Désigné par le Parti communiste pour être tête de liste aux prochaines élections européennes, Ian Brossat souhaite incarner une opposition à la politique ultra libérale d'Emmanuel Macron.

Ian Brossat, adjoint à la mairie de Paris, en charge du logement a été désigné par le parti communiste pour être tête de liste PCF aux prochaines élections européennes. Interrogé dimanche 3 juin sur franceinfo, Ian Brossat estime qu'il faut "qu'il y ait du changement à gauche" et explique que c'est "aussi le sens de cette candidature." Ian Brossat souhaite que la liste menée par le Parti communiste soit "une liste très ouverte au mouvement social" et "à tous ceux qui cherchent une issue face à la politique ultra libérale d'Emmanuel Macron."

franceinfo : Comment abordez-vous cette campagne alors que la gauche est complètement disloquée en ce moment ?
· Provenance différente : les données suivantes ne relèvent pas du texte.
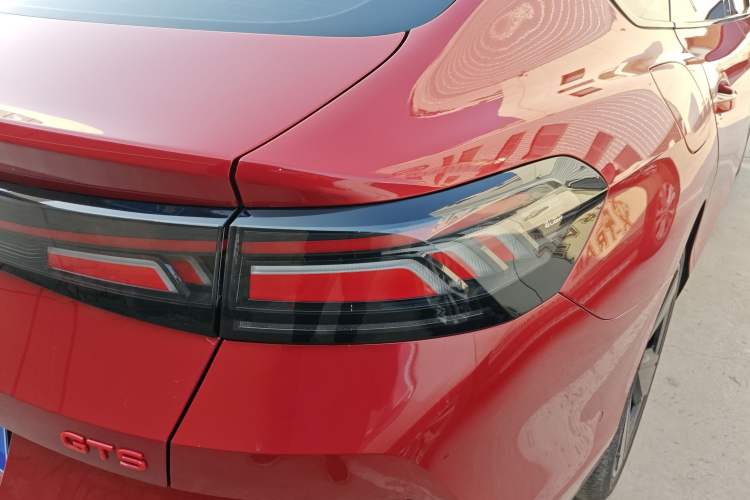 Used Volkswagen Lamando 2026 Lavida L GTS 380TSI Lingfeng Millionth Anniversary Edition Right Rear Taillight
Ian Brossat : Vous avez raison de dire que la gauche est dans une situation difficile. Ce que je ne souhaite pas, c'est que ces élections européennes soient au fond le remake de l'élection présidentielle, donc il faut qu'il y ait du changement à gauche, il faut qu'il y ait du neuf, il faut que ça bouge, et c'est aussi le sens de cette candidature. J'ai 38 ans, je suis effectivement élu de Paris et je veux m'engager pour cette campagne pour que la gauche bouge. C'est aussi ce qui a conduit mes camarades à proposer que je sois candidat à cette élection.

Et comment allez-vous faire bouger la gauche ? Vous croyez encore à l'union avec la France Insoumise de Jean-Luc Mélenchon par exemple ?

Quoiqu'il arrive, moi je suis toujours favorable à l'union et au rassemblement et le Parti communiste aura toujours la main tendue vis à vis de tous ceux qui se mobilisent à gauche. Mais ce que je souhaite aussi, c'est que nous soyons capables de nous adresser à la gauche sociale. Il y a aujourd'hui des millions de gens qui sont contre la politique d'Emmanuel Macron, parfois des gens qui avaient voté pour lui et qui sont déçus. C'est à eux qu'il faut que l'on soit capables de s'adresser, aux cheminots qui sont mobilisés, aux infirmières, aux salariés des EHPAD, et la liste que nous allons construire sera une liste qui sera très ouverte au mouvement social, à tous ceux qui cherchent aujourd'hui une issue face à la politique ultra libérale d'Emmanuel Macron.

Vous êtes responsable de la commission logement au Parti communiste, c'est aussi votre mission à la mairie de Paris. Le logement social dans son ensemble ce sera l'une des priorités de votre campagne ?

Bien-sûr, le logement c'est une priorité absolue. On ne peut pas vivre dans un pays qui est la 6e puissance économique du monde où dans le même temps on a plus de 100 000 personnes qui dorment dehors faute de logement. On a par ailleurs des classes moyennes qui, souvent dans nos centre-villes, ont énormément de mal à payer leur loyer et donc bien sûr le logement est une priorité absolue qu'il faut défendre à l'échelle de notre pays et plus largement à l'échelle européenne.